On peut comprendre toutefois les Montréalais de ne pas être attirés par le PCC, qui n'a pas jugé bon de créer un programme précis pour la deuxième ville en importance du Canada et qui parachute, pour les deuxièmes élections de suite, un sénateur-candidat dans une circonscription supposément prenable.

S'ils avaient réellement des visées à Montréal, les conservateurs auraient, au moins, choisi un slogan différent de celui utilisé en province («Ma région au pouvoir»). «Ma ville au pouvoir» aurait été plus approprié.

Deuxième constatation de ces deux sondages: la soirée électorale s'annonce longue pour les libéraux au Québec.

Fragilisés ici depuis quelques années, les libéraux ont tout de même espoir de reprendre quelques sièges perdus et Outremont est deuxième sur cette liste (après Ahuntsic). Or la reconquête d'Outremont s'annonce extrêmement difficile, même avec Martin Cauchon, longtemps considéré par les libéraux comme le seul candidat capable de déloger Thomas Mulcair.

En entrevue éditoriale à La Presse avec son chef Jack Layton, la semaine dernière, Thomas Mulcair ne paraissait pas du tout inquiet des résultats du 2 mai. «Martin Cauchon s'est fait élire la dernière fois dans ce comté en 2000, il y a 11 ans, ça fait longtemps, nous a-t-il dit. Maintenant, le député d'Outremont, c'est moi. Quand je suis rentré, dans une partielle en 2007, ce n'était pas une fluke.»

Dans cette circonscription multiethnique qui compte aussi un grand nombre de francophones à Outremont même et de jeunes dans sa partie du Mile End, Thomas Mulcair a l'avantage d'être fédéraliste pour les uns et juste assez nationaliste pour les autres.

Le fait qu'il représente le NPD et qu'il ait tenu tête à Jean Charest lorsqu'il était son ministre de l'Environnement le rend sympathique à bien des électeurs.

De plus, sa position récente en faveur d'un renforcement de la loi 101 ne nuira pas parmi les électeurs francophones de la circonscription.

Martin Cauchon, lui, va devoir se retrousser les manches. Des organisateurs libéraux me confiaient récemment qu'il sera très difficile de reprendre Outremont, et la faible participation des militants aux récentes activités du candidat Cauchon ne les a pas rassurés.

La bataille des régions

Le Bloc québécois a lancé hier une nouvelle pub intitulée «Parlons régions».

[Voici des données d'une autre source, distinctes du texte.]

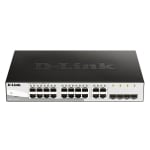 D-Link DGS-1210-16/E, 16-ports 10/100/1000 Gigabit Smart Switch including 4 Combo 1000BaseT/SFP, managed, rack mount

Ce thème n'a pas été choisi au hasard, c'est en fait une réponse directe à l'offensive du Parti conservateur, dont le slogan électoral est: «Notre région au pouvoir».

Apparemment, la stratégie des conservateurs d'amener la bataille sur le terrain des intérêts des régions porte ses fruits et dérange le Bloc, qui reste loin devant dans les intentions de vote des francophones, mais qui devra mettre les bouchées doubles à Québec et se méfier tout de même dans certaines circonscriptions.

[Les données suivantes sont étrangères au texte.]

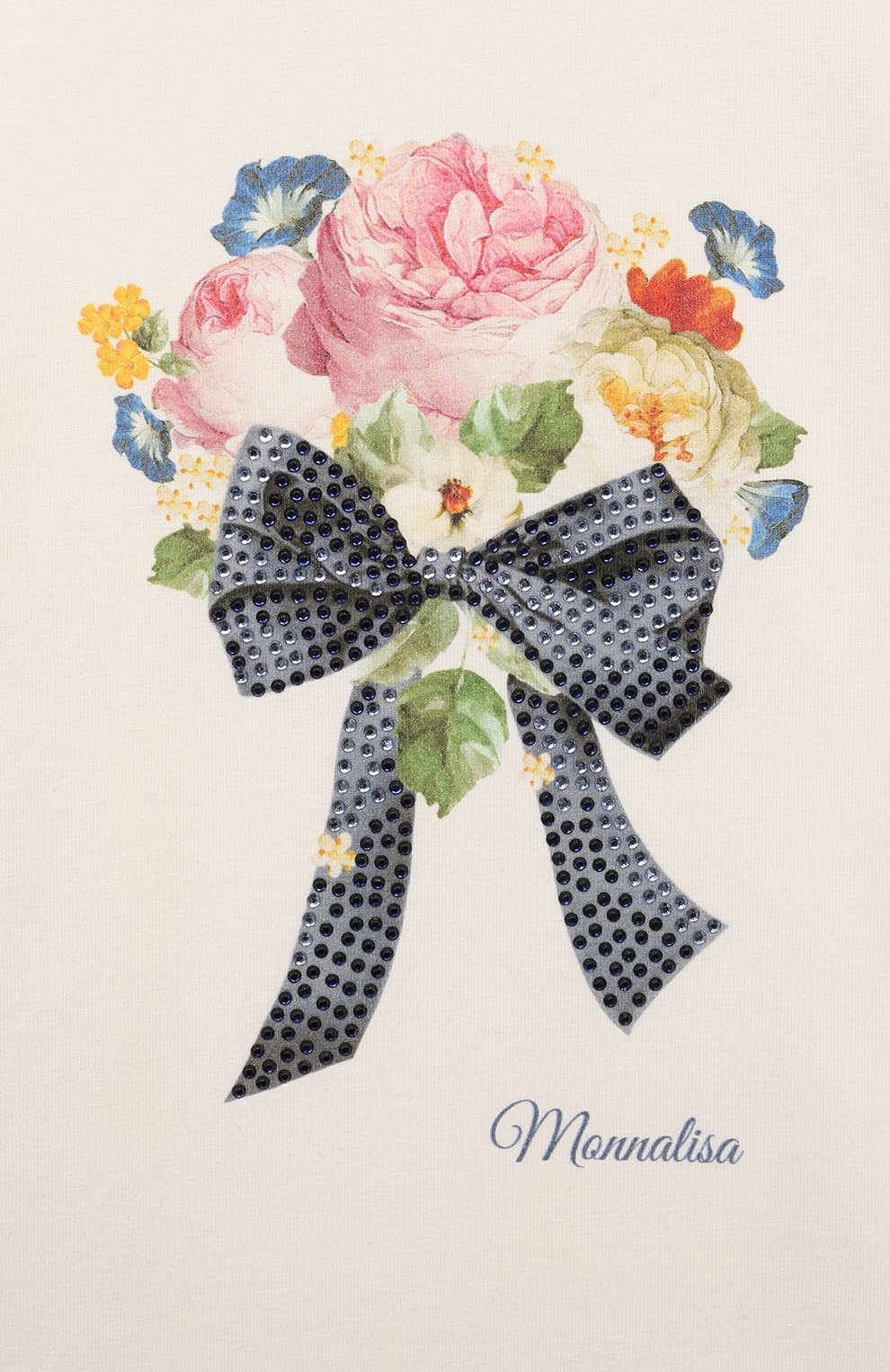 Хлопковый лонгслив MONNALISA, арт. 19D601, фото 3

C'est le cas dans Richmond-Arthabaska, où l'ancien maire d'Asbestos Jean-Philippe Bachand pourrait chauffer sérieusement le Bloc. (Jean-Philippe Bachand est le frère d'André, ex-député conservateur et lui aussi ancien maire d'Asbestos, tout comme leur père, Lucien, fut maire de l'endroit.)

Le dossier chaud de l'amiante chrysotile et de la relance de la mine Jeffrey est un enjeu électoral majeur dans ce coin. Les conservateurs appuient la relance et Stephen Harper s'est rendu plus tôt en campagne épauler son candidat, voisin de circonscription du ministre Christian Paradis.

Gilles Duceppe a lui aussi rendu visite à son candidat (le député sortant André Bellavance) et s'est prononcé en faveur de l'utilisation «sécuritaire» de l'amiante, mais les conservateurs l'accusent d'avoir changé de position pour sauver ce siège.

Les conservateurs ne se privent pas, par ailleurs, pour rappeler en région que le Bloc est pour le maintien du registre des armes à feu, un sujet délicat en province.

Accusé aussi d'être mou contre la criminalité, le chef du Bloc a récemment pris des positions plus tranchées en la matière.

M. Duceppe s'est notamment opposé, comme les conservateurs et les libéraux, à la venue à Montréal du chanteur Bertrand Cantat, dérogeant de ses positions généralement favorables à la réhabilitation.